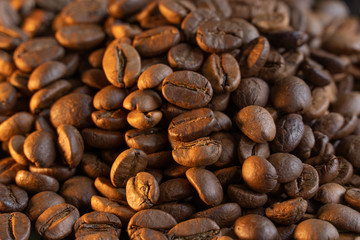 golden roasted coffee beans background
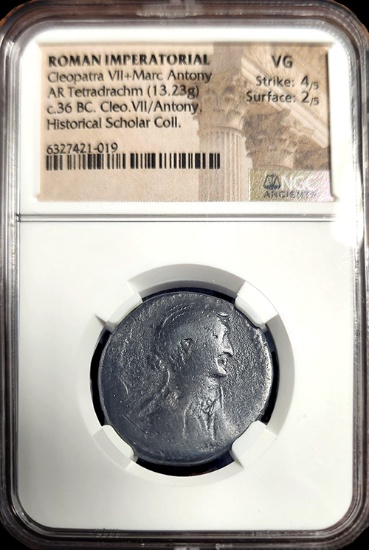 Silver Coin of Cleopatra VII & Marc Antony â€“ Ancient Tetradrachm, Circa 30 B.C.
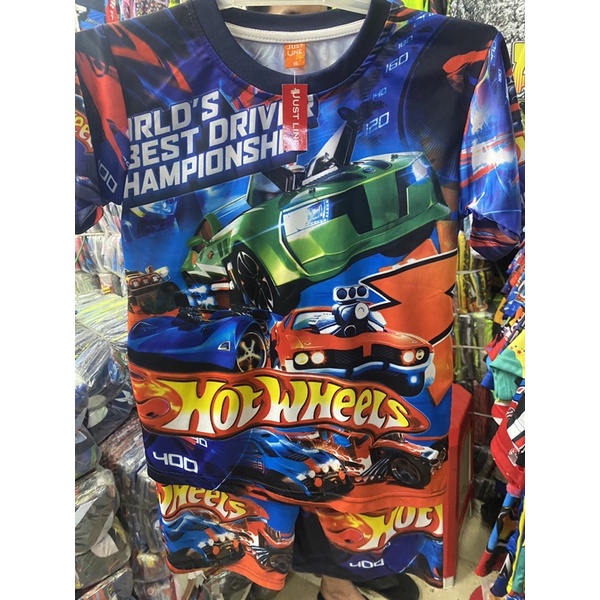 Setelan baju anak mobil HOT WHEELS kids printing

***

Reproduce the lines of the listing exactly, starting at the one that contains "Silver Coin of" and continuing through the final line, but leave out the pictures.

→ **Finished exercise**:
 Silver Coin of Cleopatra VII & Marc Antony â€“ Ancient Tetradrachm, Circa 30 B.C.
 Setelan baju anak mobil HOT WHEELS kids printing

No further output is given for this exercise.